American Violence: Western Mythologies

American Violence: Western Mythologies March 31, 2017

I posted on the extreme violence that characterized the United States around the turn of the twentieth century. Many of the examples we might think of from that era concern the so-called Wild West, but we should be very careful in applying that label. Often, those conflicts mimicked exactly the same kind of ethnic and partisan battles then raging in the industrial East and the post-Reconstruction South. They pitted Republicans against Democrats, Irish against Nativists, and often, the struggles harked back to old civil war allegiances. The West was an integral part of Gilded Age America.

Battles associated with legendary names like Billy the Kid and Wyatt Earp were essentially the same sort of factional struggles for economic or political power that also marked the elections in contemporary New York City or Philadelphia, or the industrial battles between eastern railroad corporations or canal firms. The much-filmed gunfight at the OK Corral, which took place in 1881, was an incident in a continuing struggle between the Republican businessmen of Tombstone and the Democratic cattlemen. The Earp brothers served as the hired assassins of the former, much as the political machines of the east enforced their will through street gangs and organized crime.

Western history is littered with local range wars, feuds between rival families and factions, which led to multiple assassinations and murders, lynchings, and sometimes full scale firefights. Notorious examples included the Lincoln County War (New Mexico, 1878), the Pleasant Valley War (Arizona, 1882-92), and the Johnson County War (Wyoming, 1889-93). Both the latter claimed anywhere up to fifty dead apiece. But these were by no means the only such events, and Wikipedia’s launch page on Range wars and feuds of the American Old West includes thirty entries. So severe were such wars, and so frequent, that they provided enough business for full time wandering mercenaries who could be recruited for one side or another.

Violence and assassination were particularly common in New Mexico. From the 1870s, the state was dominated by the (Republican) Santa Fe ring, which was a close Western parallel to the Democratic Tammany Hall in New York City. In 1899, there were even (questionable) stories that leading New Mexico Republican Thomas B. Catron had conspired to poison a dinner with the goal of eliminating the governor and several other key Democratic officials, in the so-called penitentiary plot. Historian Richard Maxwell Brown referred to New Mexico as “apparently the only place where assassination became an integral part of the political system.”

That lethal New Mexico subculture even had national implications. Look especially at the career of the key lawyer and political leader Albert B. Fall. Fall was closely associated with a deeply criminal neighbor named Oliver Lee, and the (Democratic) Fall-Lee faction was a frightening power in the state. Fall defended Lee when he was implicated in the 1896 murders of a Republican rival, Albert Jennings Fountain, and his small son, whose bodies were never recovered. The trial, in 1899, attracted national headlines. One of the men who investigated the Fountain case was Pat Garrett, who in 1881 had killed Billy the Kid, and who was himself assassinated in 1908. Fall, in turn, successfully defended the accused killer in that case.

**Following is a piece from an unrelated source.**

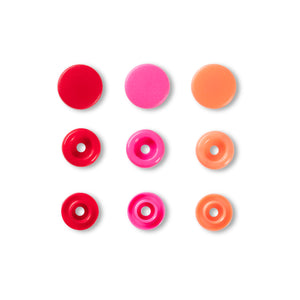 Prym Love - Color snap fastener - 12.44 mm, Red/Pink/Peach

Reading the evidence in such trials, incidentally, there was obviously a common expectation that people arrested in sensitive cases stood a very real chance of being “shot while trying to escape.” Through these years, the lines separating regular politics and law enforcement, political corruption, and organized crime activity were thin to the point of vanishing.

Fall later converted to join the Republican Party, and in 1912 he and Catron became the state’s first US Senators when New Mexico achieved statehood. If Fall’s name rings any bells today, it is because he became Interior Secretary under Warren Harding, and as such, he was at the heart of the vast Teapot Dome scandal that ruined the Harding administration in the early 1920s. (I should say that virtually every fact in these various cases is controversial and disputed, and the word “alleged” belongs in every sentence).

But as the Kentucky case shows, such horrors were not confined to the West. Union-Confederate memories shaped the lengthy feud of the 1870s and 1880s between the Appalachian clans of the Hatfields and the McCoys.

Was the West really that much Wilder than the North, East or South?

 

A quick note on sources, mainly about New Mexico affairs. One useful book on this world is David L. Caffey’s myth-busting Chasing the Santa Fe Ring: Power and Privilege in Territorial New Mexico (University of New Mexico Press, 2014). Corey Recko also has a good account of the Fountain case in Murder on the White Sands (University of North Texas Press, 2007). More generally, my account of Western conflicts and feuds draws on Richard Maxwell Brown’s 1991 quirky but valuable book No Duty to Retreat: Violence and Values in American History and Society.